**Exercise brief**
Line by line, write out the material exactly.

-.-.-

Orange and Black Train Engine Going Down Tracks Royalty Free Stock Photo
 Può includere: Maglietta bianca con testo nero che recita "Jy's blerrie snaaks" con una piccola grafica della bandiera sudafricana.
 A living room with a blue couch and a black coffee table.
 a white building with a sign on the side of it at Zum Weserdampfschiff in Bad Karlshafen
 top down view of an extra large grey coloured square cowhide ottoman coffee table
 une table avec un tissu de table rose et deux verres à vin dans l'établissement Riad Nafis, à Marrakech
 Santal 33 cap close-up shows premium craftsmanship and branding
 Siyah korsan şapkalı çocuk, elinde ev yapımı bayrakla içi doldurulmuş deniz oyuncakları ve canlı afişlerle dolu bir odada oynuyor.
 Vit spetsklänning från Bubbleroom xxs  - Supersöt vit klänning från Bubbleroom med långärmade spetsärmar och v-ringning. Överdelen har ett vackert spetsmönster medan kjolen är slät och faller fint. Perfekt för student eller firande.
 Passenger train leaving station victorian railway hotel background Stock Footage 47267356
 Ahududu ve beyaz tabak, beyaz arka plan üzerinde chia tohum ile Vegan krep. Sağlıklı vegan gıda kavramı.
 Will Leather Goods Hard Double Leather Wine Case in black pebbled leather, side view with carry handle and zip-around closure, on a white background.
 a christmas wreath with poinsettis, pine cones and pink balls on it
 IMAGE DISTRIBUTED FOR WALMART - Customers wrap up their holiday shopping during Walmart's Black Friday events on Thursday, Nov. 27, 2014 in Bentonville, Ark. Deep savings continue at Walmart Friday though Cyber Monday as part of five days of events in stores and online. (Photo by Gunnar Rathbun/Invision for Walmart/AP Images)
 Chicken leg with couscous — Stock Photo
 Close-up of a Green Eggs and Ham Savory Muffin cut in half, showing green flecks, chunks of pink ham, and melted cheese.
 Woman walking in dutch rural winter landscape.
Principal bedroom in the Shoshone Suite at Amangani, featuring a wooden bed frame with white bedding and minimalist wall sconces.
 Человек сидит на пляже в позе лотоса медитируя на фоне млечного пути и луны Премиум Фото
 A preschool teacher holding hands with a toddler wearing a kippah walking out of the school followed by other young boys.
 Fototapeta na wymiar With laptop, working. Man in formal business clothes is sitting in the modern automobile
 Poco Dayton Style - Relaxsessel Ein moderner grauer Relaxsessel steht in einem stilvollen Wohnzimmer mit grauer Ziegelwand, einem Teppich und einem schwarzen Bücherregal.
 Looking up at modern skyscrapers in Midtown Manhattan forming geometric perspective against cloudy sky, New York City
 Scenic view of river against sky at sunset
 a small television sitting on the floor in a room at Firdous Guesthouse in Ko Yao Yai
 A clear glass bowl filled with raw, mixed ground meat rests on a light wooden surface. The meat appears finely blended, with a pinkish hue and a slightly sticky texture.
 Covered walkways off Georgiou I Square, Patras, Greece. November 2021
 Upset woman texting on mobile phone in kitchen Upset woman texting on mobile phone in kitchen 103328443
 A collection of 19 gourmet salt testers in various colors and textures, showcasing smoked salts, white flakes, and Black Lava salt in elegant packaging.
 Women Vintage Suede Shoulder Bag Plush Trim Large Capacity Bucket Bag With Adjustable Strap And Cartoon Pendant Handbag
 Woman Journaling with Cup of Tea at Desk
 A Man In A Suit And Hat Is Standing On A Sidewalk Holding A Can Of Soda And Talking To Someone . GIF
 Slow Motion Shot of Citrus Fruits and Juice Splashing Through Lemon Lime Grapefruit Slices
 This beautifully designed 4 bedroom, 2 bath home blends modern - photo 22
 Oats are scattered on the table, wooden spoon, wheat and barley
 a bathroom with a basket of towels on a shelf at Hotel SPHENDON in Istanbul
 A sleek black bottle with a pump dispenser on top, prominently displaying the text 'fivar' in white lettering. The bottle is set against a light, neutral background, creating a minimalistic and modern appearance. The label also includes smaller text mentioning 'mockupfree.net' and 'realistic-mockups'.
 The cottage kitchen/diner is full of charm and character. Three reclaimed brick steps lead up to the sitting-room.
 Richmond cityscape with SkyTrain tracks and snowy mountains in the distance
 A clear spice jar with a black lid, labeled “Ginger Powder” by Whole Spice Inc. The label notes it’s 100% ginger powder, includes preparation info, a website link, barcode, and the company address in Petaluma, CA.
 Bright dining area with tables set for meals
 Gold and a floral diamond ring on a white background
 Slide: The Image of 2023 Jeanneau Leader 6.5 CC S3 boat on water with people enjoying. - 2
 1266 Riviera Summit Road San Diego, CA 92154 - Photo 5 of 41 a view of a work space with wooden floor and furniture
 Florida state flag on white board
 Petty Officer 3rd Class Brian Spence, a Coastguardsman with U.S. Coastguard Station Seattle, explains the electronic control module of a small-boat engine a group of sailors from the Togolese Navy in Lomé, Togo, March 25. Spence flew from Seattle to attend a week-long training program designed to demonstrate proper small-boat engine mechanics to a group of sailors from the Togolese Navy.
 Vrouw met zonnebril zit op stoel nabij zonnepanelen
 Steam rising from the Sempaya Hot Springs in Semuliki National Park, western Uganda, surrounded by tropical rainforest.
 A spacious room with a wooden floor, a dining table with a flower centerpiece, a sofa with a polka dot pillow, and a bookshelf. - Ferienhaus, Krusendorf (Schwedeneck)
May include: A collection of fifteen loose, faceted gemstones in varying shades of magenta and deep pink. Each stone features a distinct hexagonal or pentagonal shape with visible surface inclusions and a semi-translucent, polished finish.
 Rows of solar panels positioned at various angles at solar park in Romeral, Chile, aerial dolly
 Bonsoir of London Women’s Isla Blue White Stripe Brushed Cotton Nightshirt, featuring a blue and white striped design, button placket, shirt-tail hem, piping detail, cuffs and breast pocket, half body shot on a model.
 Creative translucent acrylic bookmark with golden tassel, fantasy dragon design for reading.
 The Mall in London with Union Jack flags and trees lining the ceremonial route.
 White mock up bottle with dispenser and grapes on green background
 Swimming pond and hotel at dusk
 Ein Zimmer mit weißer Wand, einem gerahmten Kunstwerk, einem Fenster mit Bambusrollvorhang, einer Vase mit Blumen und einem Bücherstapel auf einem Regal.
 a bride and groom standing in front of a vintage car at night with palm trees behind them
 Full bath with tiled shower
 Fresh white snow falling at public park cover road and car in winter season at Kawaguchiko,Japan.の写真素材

-.-.-

**Output below**
Orange and Black Train Engine Going Down Tracks Royalty Free Stock Photo
 Può includere: Maglietta bianca con testo nero che recita "Jy's blerrie snaaks" con una piccola grafica della bandiera sudafricana.
 A living room with a blue couch and a black coffee table.
 a white building with a sign on the side of it at Zum Weserdampfschiff in Bad Karlshafen
 top down view of an extra large grey coloured square cowhide ottoman coffee table
 une table avec un tissu de table rose et deux verres à vin dans l'établissement Riad Nafis, à Marrakech
 Santal 33 cap close-up shows premium craftsmanship and branding
 Siyah korsan şapkalı çocuk, elinde ev yapımı bayrakla içi doldurulmuş deniz oyuncakları ve canlı afişlerle dolu bir odada oynuyor.
 Vit spetsklänning från Bubbleroom xxs  - Supersöt vit klänning från Bubbleroom med långärmade spetsärmar och v-ringning. Överdelen har ett vackert spetsmönster medan kjolen är slät och faller fint. Perfekt för student eller firande.
 Passenger train leaving station victorian railway hotel background Stock Footage 47267356
 Ahududu ve beyaz tabak, beyaz arka plan üzerinde chia tohum ile Vegan krep. Sağlıklı vegan gıda kavramı.
 Will Leather Goods Hard Double Leather Wine Case in black pebbled leather, side view with carry handle and zip-around closure, on a white background.
 a christmas wreath with poinsettis, pine cones and pink balls on it
 IMAGE DISTRIBUTED FOR WALMART - Customers wrap up their holiday shopping during Walmart's Black Friday events on Thursday, Nov. 27, 2014 in Bentonville, Ark. Deep savings continue at Walmart Friday though Cyber Monday as part of five days of events in stores and online. (Photo by Gunnar Rathbun/Invision for Walmart/AP Images)
 Chicken leg with couscous — Stock Photo
 Close-up of a Green Eggs and Ham Savory Muffin cut in half, showing green flecks, chunks of pink ham, and melted cheese.
 Woman walking in dutch rural winter landscape.
Principal bedroom in the Shoshone Suite at Amangani, featuring a wooden bed frame with white bedding and minimalist wall sconces.
 Человек сидит на пляже в позе лотоса медитируя на фоне млечного пути и луны Премиум Фото
 A preschool teacher holding hands with a toddler wearing a kippah walking out of the school followed by other young boys.
 Fototapeta na wymiar With laptop, working. Man in formal business clothes is sitting in the modern automobile
 Poco Dayton Style - Relaxsessel Ein moderner grauer Relaxsessel steht in einem stilvollen Wohnzimmer mit grauer Ziegelwand, einem Teppich und einem schwarzen Bücherregal.
 Looking up at modern skyscrapers in Midtown Manhattan forming geometric perspective against cloudy sky, New York City
 Scenic view of river against sky at sunset
 a small television sitting on the floor in a room at Firdous Guesthouse in Ko Yao Yai
 A clear glass bowl filled with raw, mixed ground meat rests on a light wooden surface. The meat appears finely blended, with a pinkish hue and a slightly sticky texture.
 Covered walkways off Georgiou I Square, Patras, Greece. November 2021
 Upset woman texting on mobile phone in kitchen Upset woman texting on mobile phone in kitchen 103328443
 A collection of 19 gourmet salt testers in various colors and textures, showcasing smoked salts, white flakes, and Black Lava salt in elegant packaging.
 Women Vintage Suede Shoulder Bag Plush Trim Large Capacity Bucket Bag With Adjustable Strap And Cartoon Pendant Handbag
 Woman Journaling with Cup of Tea at Desk
 A Man In A Suit And Hat Is Standing On A Sidewalk Holding A Can Of Soda And Talking To Someone . GIF
 Slow Motion Shot of Citrus Fruits and Juice Splashing Through Lemon Lime Grapefruit Slices
 This beautifully designed 4 bedroom, 2 bath home blends modern - photo 22
 Oats are scattered on the table, wooden spoon, wheat and barley
 a bathroom with a basket of towels on a shelf at Hotel SPHENDON in Istanbul
 A sleek black bottle with a pump dispenser on top, prominently displaying the text 'fivar' in white lettering. The bottle is set against a light, neutral background, creating a minimalistic and modern appearance. The label also includes smaller text mentioning 'mockupfree.net' and 'realistic-mockups'.
 The cottage kitchen/diner is full of charm and character. Three reclaimed brick steps lead up to the sitting-room.
 Richmond cityscape with SkyTrain tracks and snowy mountains in the distance
 A clear spice jar with a black lid, labeled “Ginger Powder” by Whole Spice Inc. The label notes it’s 100% ginger powder, includes preparation info, a website link, barcode, and the company address in Petaluma, CA.
 Bright dining area with tables set for meals
 Gold and a floral diamond ring on a white background
 Slide: The Image of 2023 Jeanneau Leader 6.5 CC S3 boat on water with people enjoying. - 2
 1266 Riviera Summit Road San Diego, CA 92154 - Photo 5 of 41 a view of a work space with wooden floor and furniture
 Florida state flag on white board
 Petty Officer 3rd Class Brian Spence, a Coastguardsman with U.S. Coastguard Station Seattle, explains the electronic control module of a small-boat engine a group of sailors from the Togolese Navy in Lomé, Togo, March 25. Spence flew from Seattle to attend a week-long training program designed to demonstrate proper small-boat engine mechanics to a group of sailors from the Togolese Navy.
 Vrouw met zonnebril zit op stoel nabij zonnepanelen
 Steam rising from the Sempaya Hot Springs in Semuliki National Park, western Uganda, surrounded by tropical rainforest.
 A spacious room with a wooden floor, a dining table with a flower centerpiece, a sofa with a polka dot pillow, and a bookshelf. - Ferienhaus, Krusendorf (Schwedeneck)
May include: A collection of fifteen loose, faceted gemstones in varying shades of magenta and deep pink. Each stone features a distinct hexagonal or pentagonal shape with visible surface inclusions and a semi-translucent, polished finish.
 Rows of solar panels positioned at various angles at solar park in Romeral, Chile, aerial dolly
 Bonsoir of London Women’s Isla Blue White Stripe Brushed Cotton Nightshirt, featuring a blue and white striped design, button placket, shirt-tail hem, piping detail, cuffs and breast pocket, half body shot on a model.
 Creative translucent acrylic bookmark with golden tassel, fantasy dragon design for reading.
 The Mall in London with Union Jack flags and trees lining the ceremonial route.
 White mock up bottle with dispenser and grapes on green background
 Swimming pond and hotel at dusk
 Ein Zimmer mit weißer Wand, einem gerahmten Kunstwerk, einem Fenster mit Bambusrollvorhang, einer Vase mit Blumen und einem Bücherstapel auf einem Regal.
 a bride and groom standing in front of a vintage car at night with palm trees behind them
 Full bath with tiled shower
 Fresh white snow falling at public park cover road and car in winter season at Kawaguchiko,Japan.の写真素材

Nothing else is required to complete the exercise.